FIFA found the results of pre-World Cup warm-up matches against Thailand, Bulgaria, Colombia and Guatemala in the weeks leading up the 2010 finals had been fixed.
This briefly led to the suspension of South Africa FA (SAFA) president Kirsten Nematandani who was later reinstated and was also present at Friday’s meeting.
“It is vital that this matter which dates back to 2010 is concluded soon, with the culprits to be sanctioned in accordance with the zero tolerance policy”
FIFA secretary general Jerome Valcke
FIFA said the mandate of the judicial committee “will be limited to matters related to the case of irregularities related to friendly matches of the SAFA in the build-up to the 2010 FIFA World Cup.”
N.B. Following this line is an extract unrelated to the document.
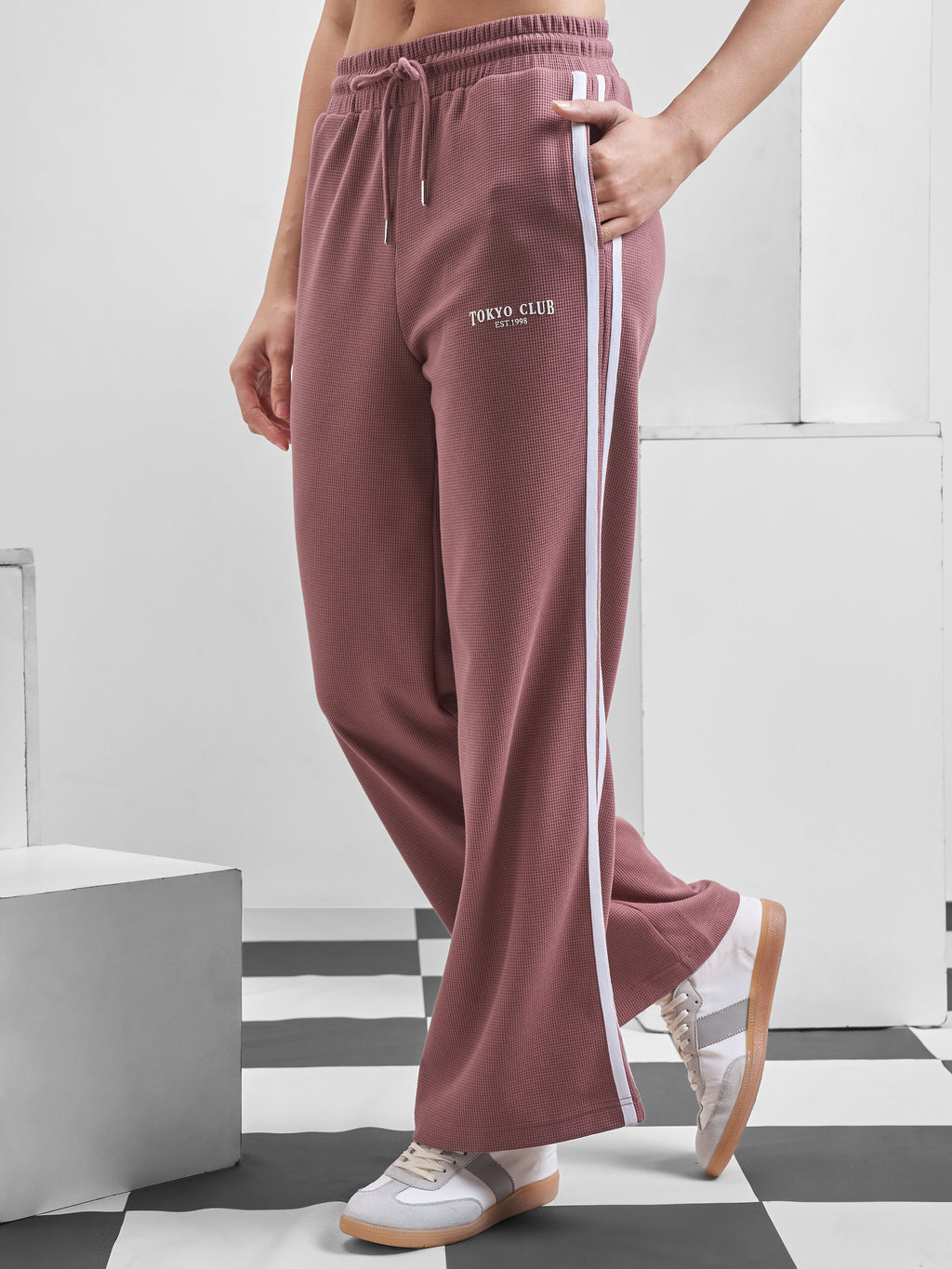 Street By Tokyo Talkies Women Mauve Relaxed Fit Track Pant - Mauve - Image 4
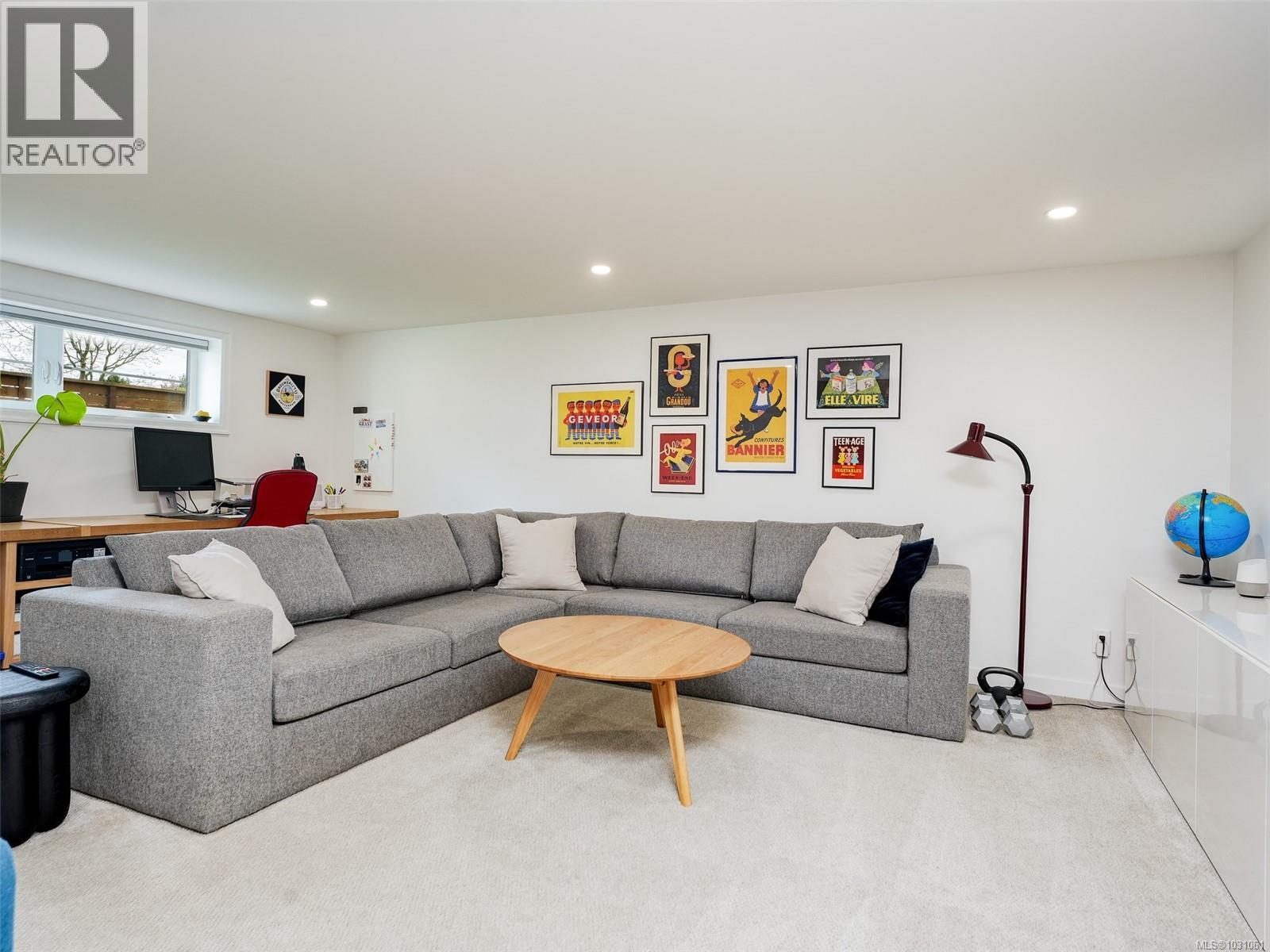  2420 Bowker Avenue, Oak Bay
The SAFA’s executive committee agreed on Saturday for the government to take the lead in investigating match-fixing, but it said it wanted a top FIFA prosecutor to join in.
SAFA recommended that the chairman of the investigating arm of FIFA’s ethics committee, Michael Garcia, be part of a three-member commission.
“It is critical that structures are set-up in order to tackle similar cases should they happen in the future,” said Valcke.
“I am very pleased by the commitment of the South African government and also SAFA to make sure this matter is now dealt with as a highest priority.
“FIFA will provide any advice and support possible both at investigatory and disciplinary level. To this effect a representative from FIFA’s Security Division was also at today’s meeting.”
Allegations of match-fixing were first revealed in the South African press in July 2011 but SAFA did not immediately act.
The issue was only raised once FIFA had incorporated the country into a wider investigation into Wilson Raj Perumal, a Singaporean jailed for two years for masterminding a match-fixing scheme in Finland.
Nematandani and four other top officials were briefly suspended following the handing over in December by FIFA to SAFA of a 500-page investigation into the activities of Perumal and his Football 4U organisation.
But within a month their suspension was lifted on procedural grounds.